How institutions might shape the supply and demand of education was addressed in several papers. In the presentation on “Does centralization foster human capital accumulation? Quasi-experimental evidence from Italy’s Liberal Age”, Gabriele Cappelli (University of Tuebingen) discussed a reform in early 20th century Italy that allowed municipalities to introduce school autonomy. Nuno Palma (University of Groningen) investigated how growing up under a more or a less autocratic regime in Portugal in the early 20th century affected literacy in his presentation on “A tale of two regimes: educational achievement and institutions in Portugal, 1910-1950”. A lively debate evolved after the presentation on whether Portugal in the early 20th century could still be understood as a developing country making the use of height as a measure of living standards viable. Giovanni Prarolo’s (University of Bologna) presentation on “Eight Centuries of Exposure to Pre-Industrial Politico-Economic Institutions and Current Socio-Economic Development. Disaggregated Analysis for Italy” evolved around the question whether pre-industrial institutions in Italy might explain tax evasion today which gave way for further presentations on the matter of persistence.
Felipe Valencia (University of Bonn) presented his paper on “The Mission: Human Capital Transmission, Economic Persistence and Culture in South America” which investigates whether the missions of the Jesuit order in South America had long run-effects on educational outcomes and income.
Piotr Kory (University of Warsaw) and Izabela Korys (National Library of Poland) equally concentrated on long-run effects, by looking at the consequences of the Polish partitions on book reading as a measure of social cohesion in today’s Poland in their presentation on “Literacy, education and development in Polish regions. Do we really observe the long-term effects of partitions?”.
The presentation by Paola Azar (Universitat Autonoma de Barcelona) on “Efficiency gains and fiscal effort Evidence for public education spending (1970 – 2010)” shifted the focus to the financing of education in Latin America. Dacil Juif’s (University of Wageningen) presentation on “The Human Capital of Iberian Jews and Other Minorities during the Inquisition Era” added the aspect of religion to the process of human capital acquisition by using data from the Inquisition’s trials to measure the human capital level of Jews as compared to other parts of the Spanish population.
|University of Barcelona|
Chiara Martinelli (Central Library, Council of the European Union) presented a new dataset on industrial schools in Italy and described the enlargement of industrial and artistic industrial schools in her presentation on “Did Industrial Workers Attend Industrial Schools? A Dataset on Industrial and Artistic Industrial Schools in Italy”.
My (Ruth Maria Schueler, Ifo Institute) presentation shifted the focus to the non-cognitive outcomes of education in the presentation “Nation Building and Social Capital in Prussia: The Role of Education” by investigating whether a higher share of state funds in educational expenditures succeeded in aligning Prussian voters with the state’s ideology.
Finally, a last set of papers evolved around the topics of health and fertility.
Anastasia Driva (University of Munich) investigated the effects of a health reform in Imperial Germany on mortality in the presentation “Compulsory Health Insurance and Mortality”. Maarit Olkkola (UPF and National Institute for Health and Welfare) looked at a special form of birth care in Finland in her presentation on “Poor Cognition – Early-life Socioeconomic Status and Cognitive Abilities in Adulthood.
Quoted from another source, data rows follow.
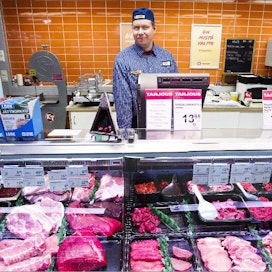 Lihan hinta Suomessa on noussut, koska halpojen lihaerien tuonti ulkomailta on vähentynyt. Lihatiskin takana keskiviikkona kauppias Juha Timonen K-market Karpalossa Pertunmaan kirkonkylässä. Kari Salonen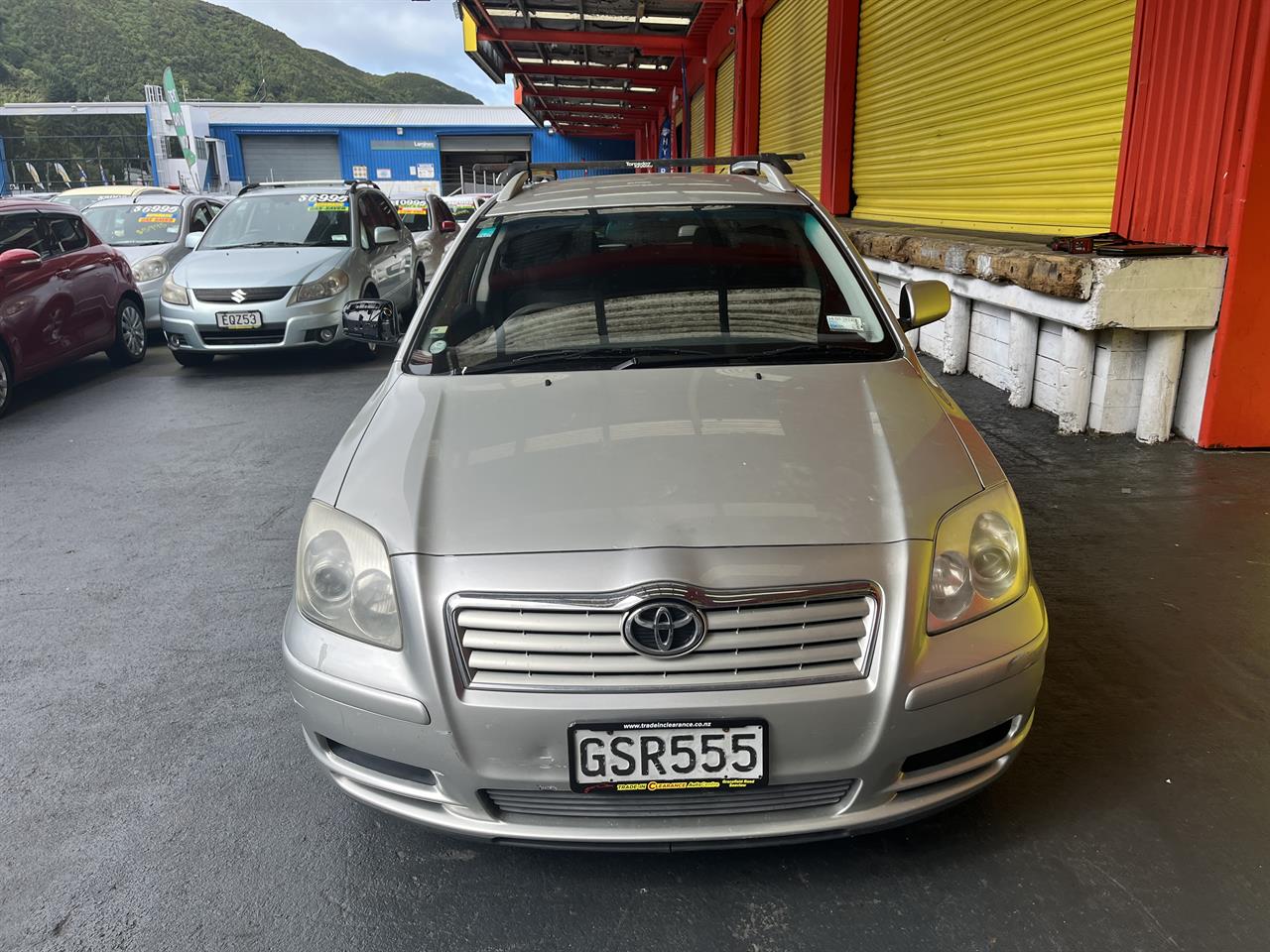 2004 Toyota Avensis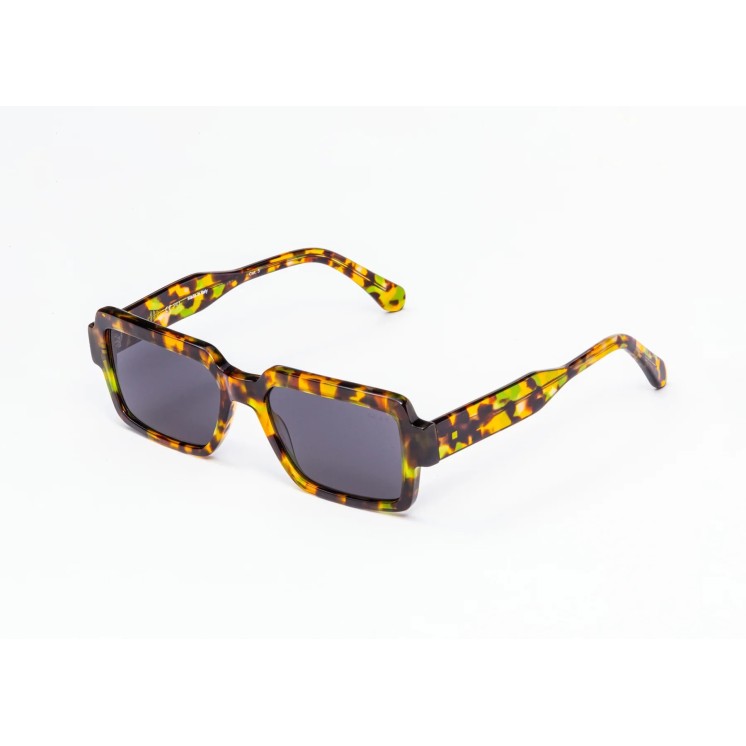 MAD IN ITALY Sunglasses  Italian design and craftsmanship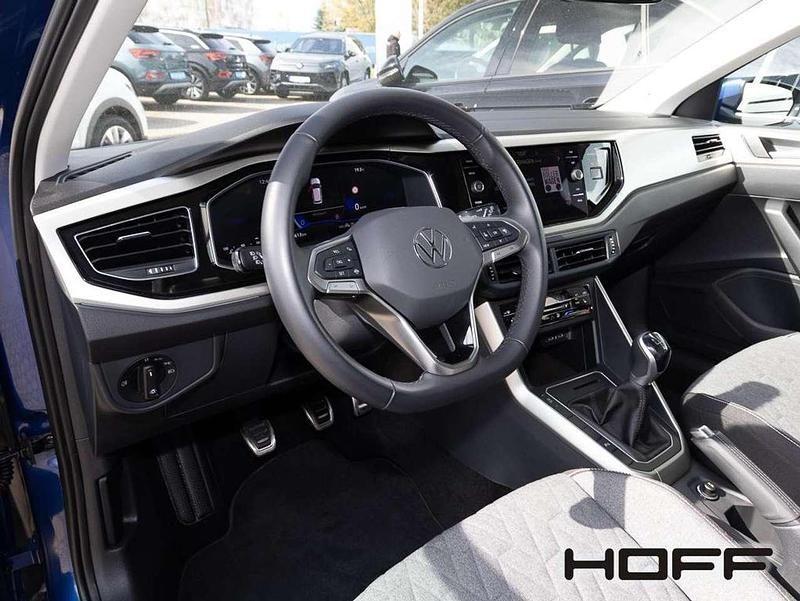 Gebraucht VW Polo Move 95 PS (69 kW) 2024 Reef blue metallic Kleinwagen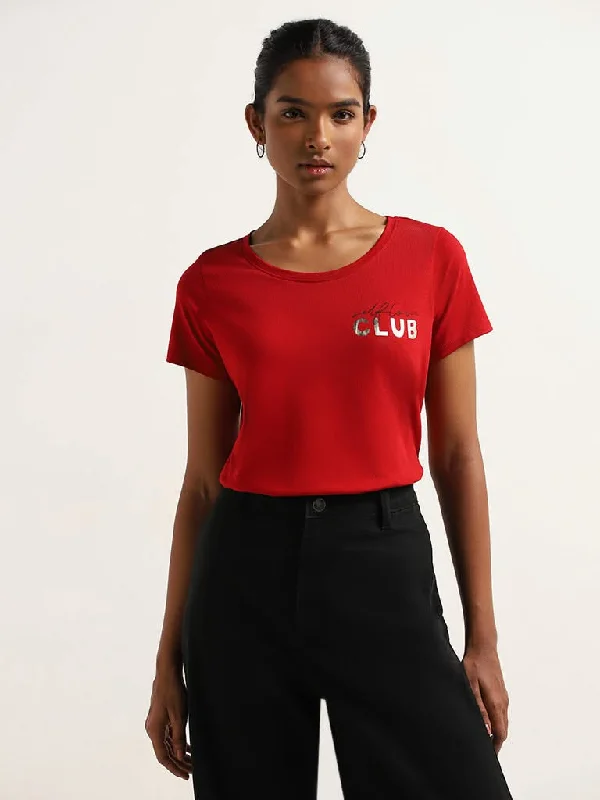 Weekend Discounts to Enjoy LOV Red Printed T-Shirt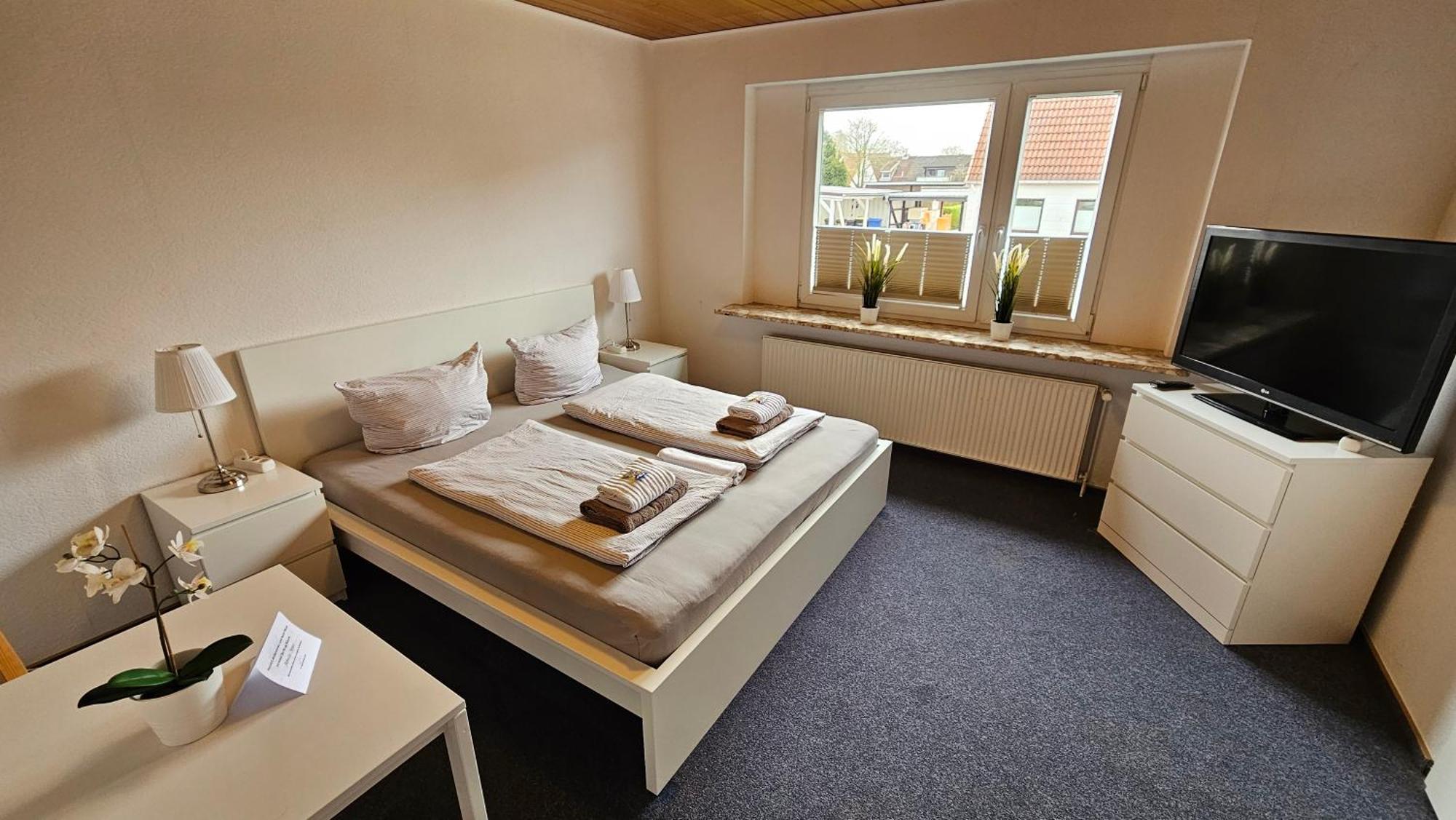 Hotel Dorfkrug Buesum - Guenstige Altbauzimmer Am Oland Pokoj fotografie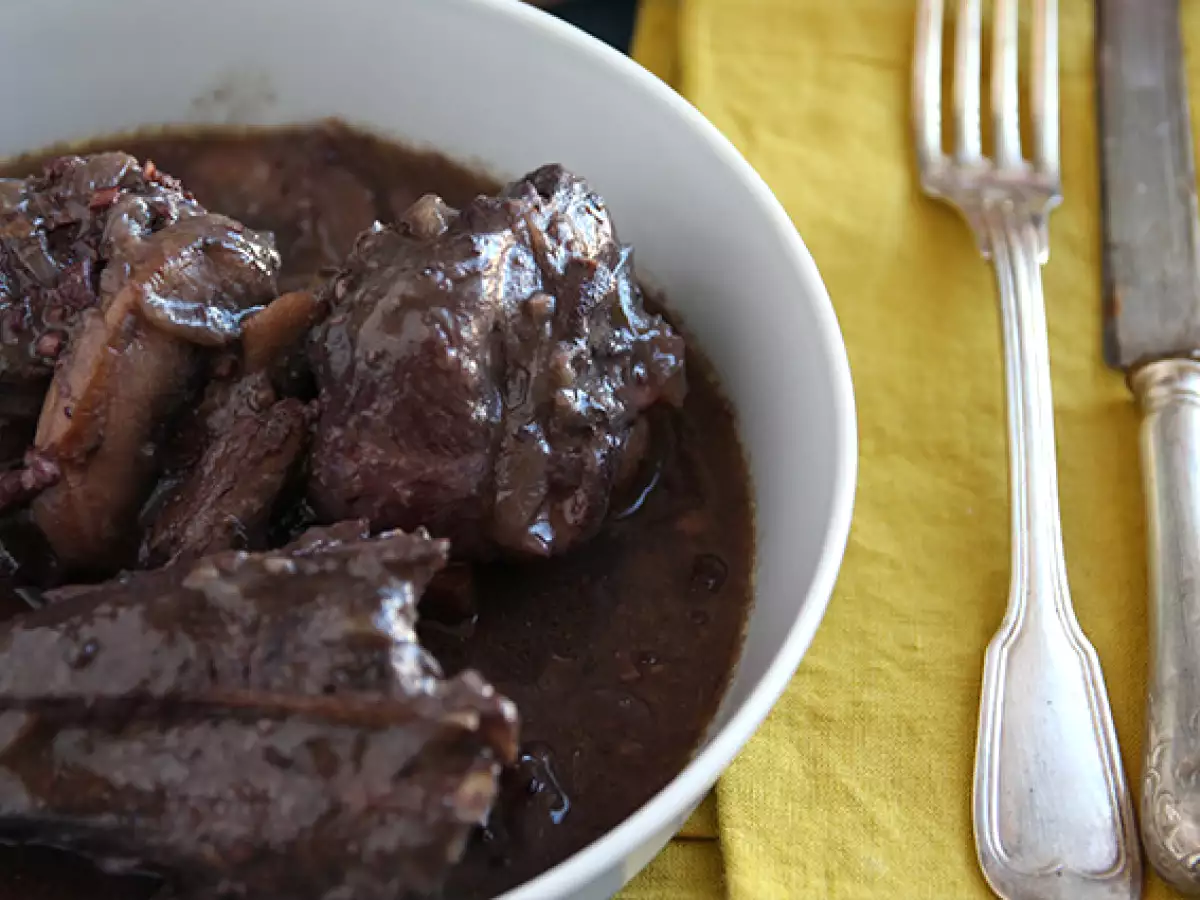Petelin v rdečem vinu (coq au vin) - fotografija 4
The Helsinki Birth Cohort Study 1934–1939”. Finally, Philipp Ager (University of Southern Denmark) investigated the interplay of agricultural income and fertility.
Not only the range of topics within the field of the “Economic History of Education” which was covered by the presentations was showing an encouraging development in the field, many presentations at the same time also introduced new datasets.
The conference dinner at the seashore of Barcelona nicely complemented the dense program and the local organizers Alfonso Herranz-Loncán and Sergio Espuelas Barroso ensured a smooth sequence of the workshop. Martin Uebele (University of Groningen) represented the FRESH board.